The point of a Fermi problem is to arrive at a reasonable estimation for a fairly unknown value by extrapolating and connecting from known values (by known, I mean there's a more narrow lower and upper bound).

I wouldn't say that a Fermi problem about how many window washers are in a city is a terrible question; it is more challenging than something in which you already have domain expertise, but that just makes you have to extrapolate further, which is the real point of the Fermi problem. In fact, pretty easy (and knowable) starting points are the population of the city, windows per individual, etc.

Doesn't a Fermi problem without domain expertise display more critical thinking and reasoning style, while a Fermi problem with domain expertise is less of a Fermi problem, and more of a knowledge test?

> Doesn't a Fermi problem without domain expertise display more critical thinking and reasoning style, while a Fermi problem with domain expertise is less of a Fermi problem, and more of a knowledge test?
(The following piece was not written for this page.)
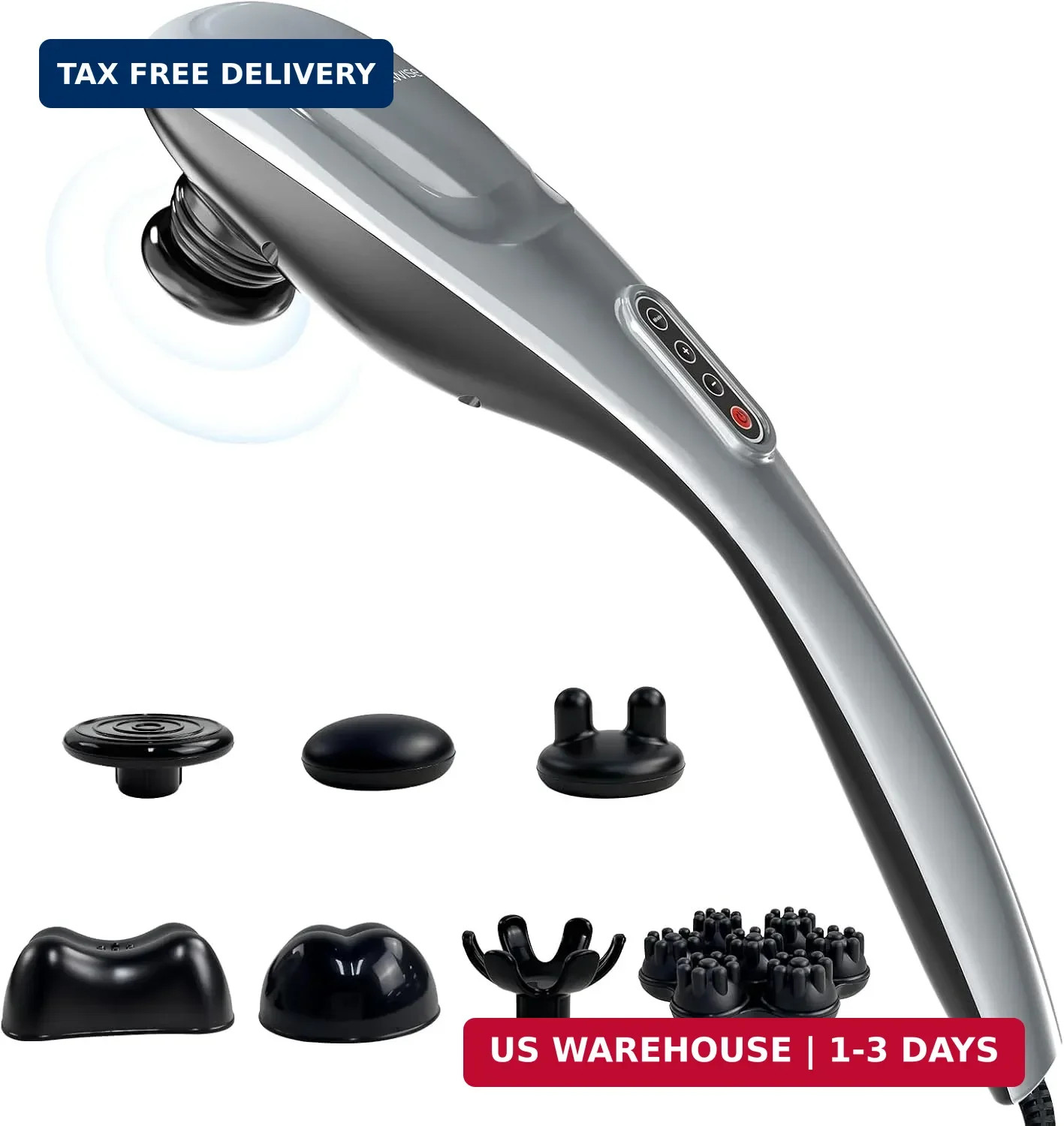 MEGAWISE Handheld Deep Tissue Neck Back Massager for Shoulders, Waist, Legs, 360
A Fermi problem is both a test of knowledge and a test of reasoning skills. The types of estimates Enrico Fermi was known for were only possible because he had the domain knowledge for his reasoning to leverage. If you remove the domain knowledge from the problem you remove a significant amount of the signal from trying to concoct the estimate. It is a much easier problem if you can just make up numbers rather than infer accurate guesses from the domain.